# Sticky Wings and Grouper Sandwich.



## LarryWolfe (May 17, 2010)

My daughter wanted what she calls 'Thick n' Rich' wings........I said what do you mean?  She said you know the orange ones........she was referring to the Orange Marmalade Sriracha Wings !  I didn't have the marmalade to make them, so I improvised and made the following.

2 Cups Sweet Baby Rays Original
1 Cup Honey
1/4 Cup of Wolfe Rub Original
Mixed until combined.






Then I grilled the wings naked and indirect at 350º for about 45 minutes, or until they were nicely colored and the skin was crisp.
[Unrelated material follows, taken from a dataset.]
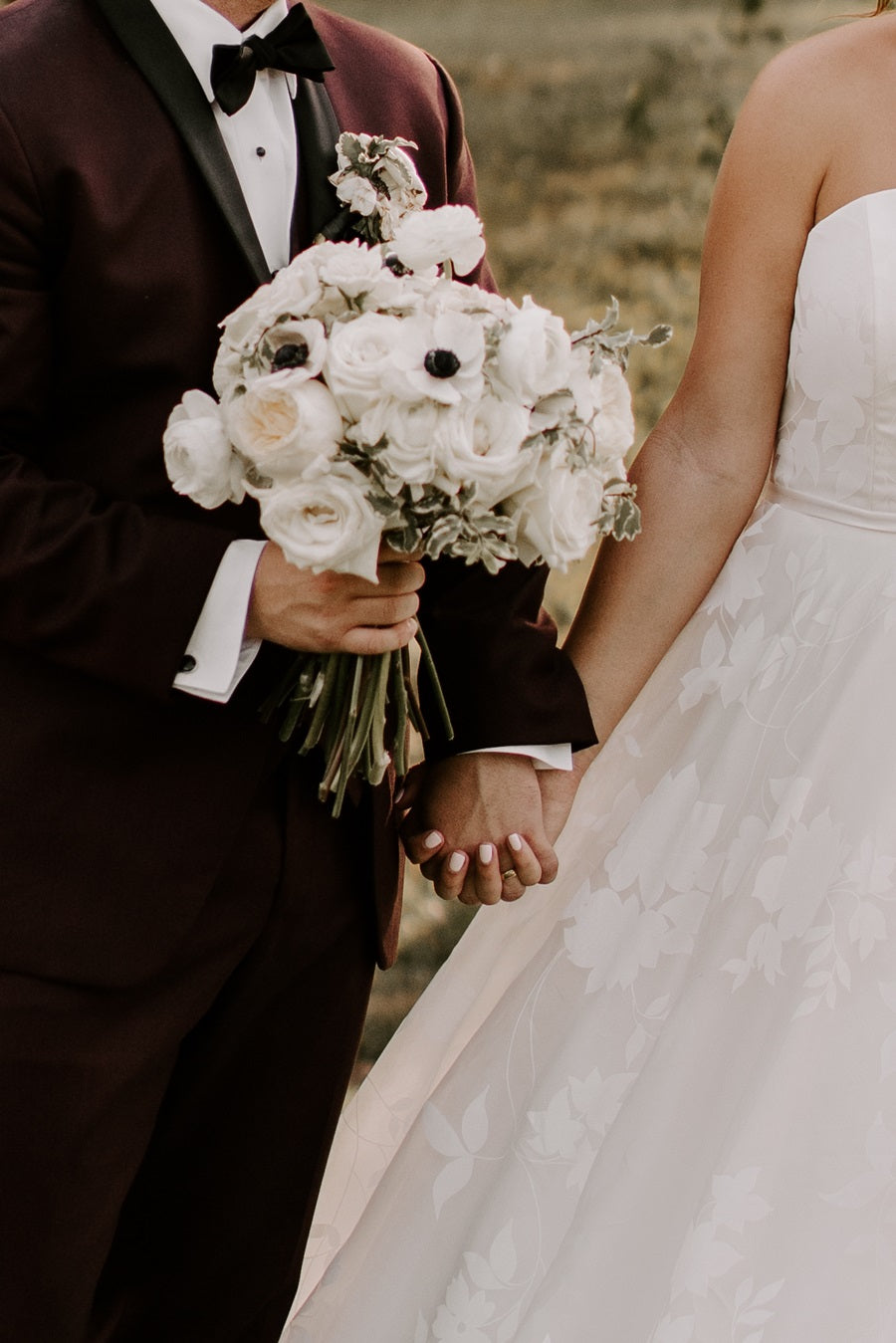 Bride and groom holding hands, groom holds the bridal bouquet this time.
Then dipped the wings in the sauce and continued to grill indirect.








Here they are after about 15 minutes, they're almost done! 





They're done!  My daughter loved them.  I had 2 wings due to me eating healthy, you'll see why next!  I gotta say.....the wings were damn good!








Now onto what I was having.  Picked up some really nice grouper from the store, almost 1lb.





I grilled these indirectly since the fish was pretty thick, so I didn't get the char I wanted, but no biggie.





After 4 minutes or so I flipped and seasoned with Wolfe Rub Citrus. I added two slices of Multigrain bread to toast for my sammich!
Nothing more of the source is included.